A quarter of the way through the year, and I’m flying towards my 2017 Reading List target of 45 books.
It’s been another bumper reading month, and my pace is showing no signs of slowing. In fact, I’ve managed to get a further 7 books ticked off towards my goal! I’ve been very lucky to receive some great books for review, and I’ve also read a couple that I picked out myself. The 7 books I read during March takes my running total up to 20 books which is nearly half of my target number. If I continue at this rate, I would end up reading 80 books during 2017. But I’m really not expecting that to happen!
This month’s list includes an autobiographical account of life in a female punk band, a romantic comedy from a ‘new’ author, and a fabulous novel from a fellow Shropshire lass.
The Wedding Girls by Kate Thompson
This is a historical romance set in the East End of London in the mid-thirties. I don’t normally read this genre, but I love Kate Thompson’s books because they feel so authentic. She puts in masses of research, and it really shows. In this book, three young women are working to make brides’ dreams come true, while they have their own dreams as well. It’s set against the backdrop of impending war in Europe, and the real-life Battle of Cable Street features. Well worth a read.
This book is by someone who has quickly become one of my favourite authors. I was hugely impressed by Zero last year (click here to read my review), and although this is a police thriller rather than a dystopian novel, I loved it nearly as much. It has a dark plotline with some serious twists, and very gritty characters. This is the third in the DS Lambert series, but you don’t need to have read the first two to enjoy Dead Embers. You might want to go back and read them afterwards though!
What I Did Not Say by BA Spicer
I downloaded this book back in January, but only just got around to reading in March. I wish I’d read it sooner because I really loved it. It’s about Jack, a young boy who is looking after his terminally-ill mother whilst trying to have a normal childhood as well. A family friend, Terry, teaches Jack about astronomy but there’s something about the situation that makes Jack feel uncomfortable. This story is viewed from a number of viewpoints as the story unfolds. I’ll be reviewing What I Did Not Say here on the blog later in the month.

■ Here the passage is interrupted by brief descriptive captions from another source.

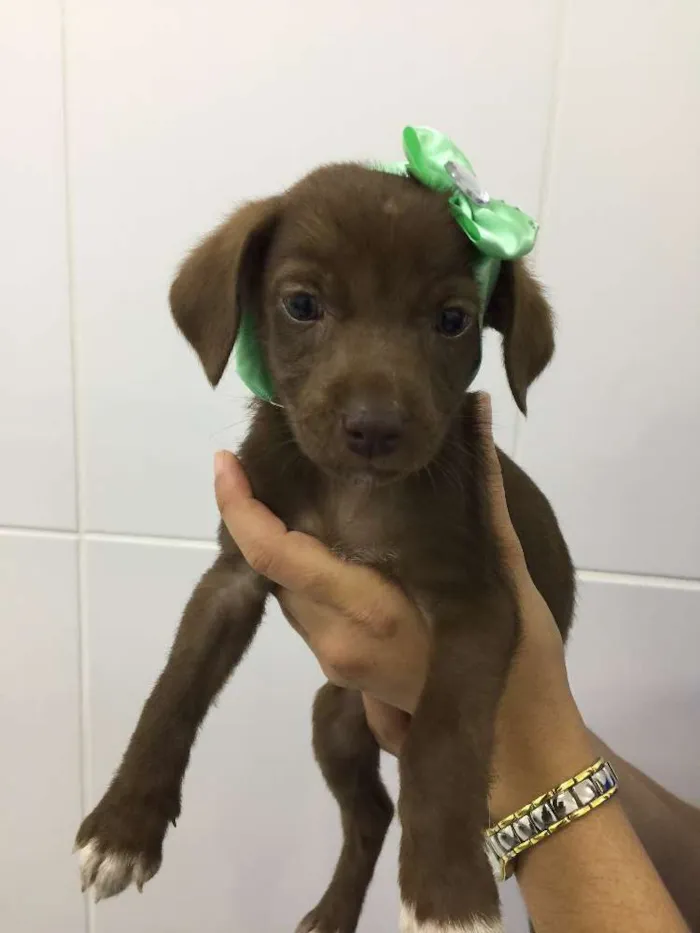 Cachorro ra a SRD idade 2 a 6 meses nome BELLA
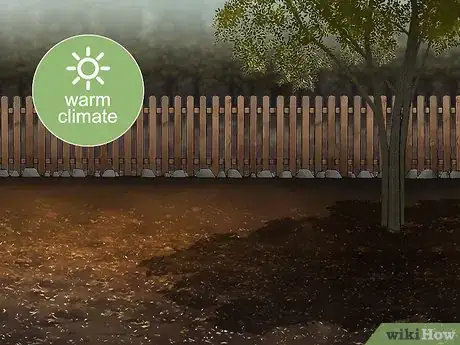 Image titled Grow Oca Step 5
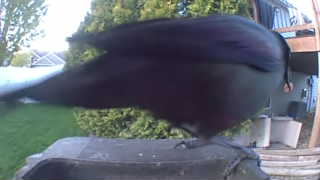 american crow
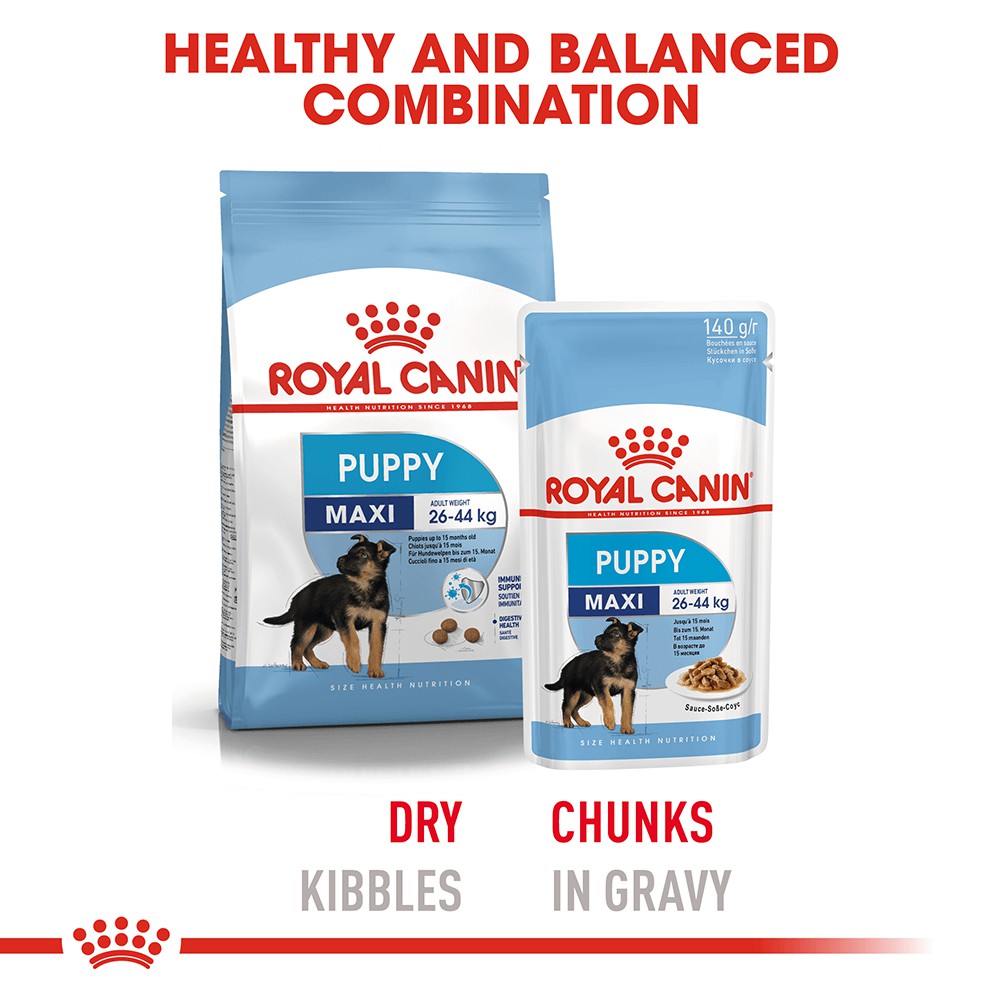 [Hộp 10 Gói] Pate Royal Canin Maxi Puppy Cho Chó Con Giống Lớn (140g)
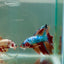 Halfmoon Koi Multicolor Male Betta Ju32 Male betta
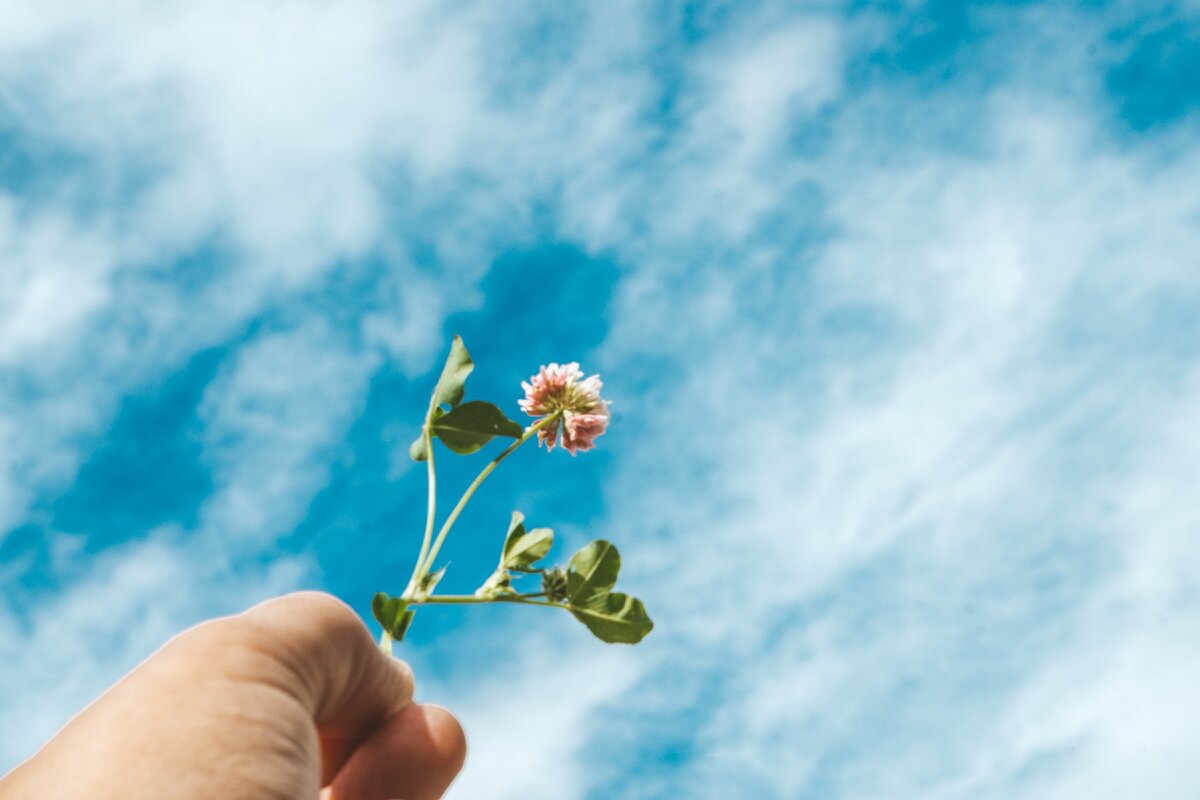 Это фото прошлогоднее, для яркой обложки=)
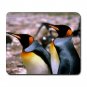 King Penguins Bird Hobby Mouse Pad MousePad Mat 248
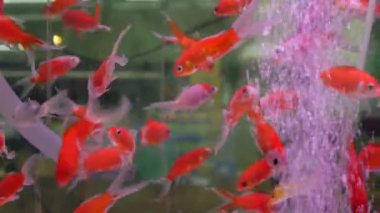 Egzotik dekoratif akvaryumdaki tropik balıkların çeşitliliği. Chatuchak balık pazarındaki hayvan dükkanlarında çeşitli ürünler. Tezgahlarda sergilenen renkli evcil hayvanları kapatın. Tezgahta satılık çeşitlilik, pazarda ticaret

Review coming soon – Buy the Book on Amazon
The Big Little Wedding in Carlton Square by Lilly Bartlett
This is a fun romantic-comedy novel about an ‘ordinary’ girl who is due to marry into a very wealthy family. She wants a small wedding, and the inlaws have a very different idea of what ‘small’ looks like! Although it’s the debut novel by Lilly Bartlett, Lilly is actually a pen-name for one of my favourite rom-com authors. Click here for some clues to the identity of the mystery author!
Review coming soon – Pre-order the Book on Amazon
The Spitboy Rule: Tales of a Xicana in a Female Punk Band by Michelle Cruz Gonzales
I saw this book recommended online and decided to give it a try. It’s a fascinating autobiography by Michelle Cruz Gonzales, who played drums and wrote lyrics for the female punk band Spitboy back in the 1990s. As you can imagine, the band came in for mysogynistic and sexist abuse from all sorts of people along the way. Michelle also had to deal with racism, as the only person of colour in the band. The Spitboy Rule is a quick read, and I’d highly recommend it if you’re interested in this era of music.
The Little Breton Bistro by Nina George
The Little Breton Bistro is a magical book that has definitely won a place in my heart. It’s the story of a German housewife in her 60s who tries (and fails) to end her life, only to start a new life in Brittany. Although the cover image didn’t grab my attention, this book reminded me that there is truth in the saying ‘Never judge a book by its cover’!
Wishful Drinking by Carrie Fisher
I think pretty much everyone I know was shocked when Carrie Fisher died last December. Although I’m not a huge Star Wars fan, I’ve seen all the films several time with my boys. Carrie Fisher once said that when she died, she wanted reports to say that she ‘drowned in moonlight, strangled by my own bra’. When I read that quote, I really wished that I knew more about the woman behind the onscreen persona. Wishful Drinking is one of Carrie Fisher’s autobiography’s, and it’s a quick and enjoyable read. I’m planning to download The Princess Diarist to read as well.
My TBR list for April includes The Futures by Anna Pitoniak, and All the Good Things by Clare Fisher. I’ve also got a few more review copies that are waiting for me to take a look at. Margaret Atwood’s The Heart Goes Last is still sitting on my nightstand waiting to be read, and I’m tempted to quickly re-read The Handmaid’s Tale. If I get chance after all of that, I’ve just bought Gillian Anderson and Jennifer Nadel’s manifesto We. And for something completely different, how about Please Kill Me: The Uncensored Oral History of Punk!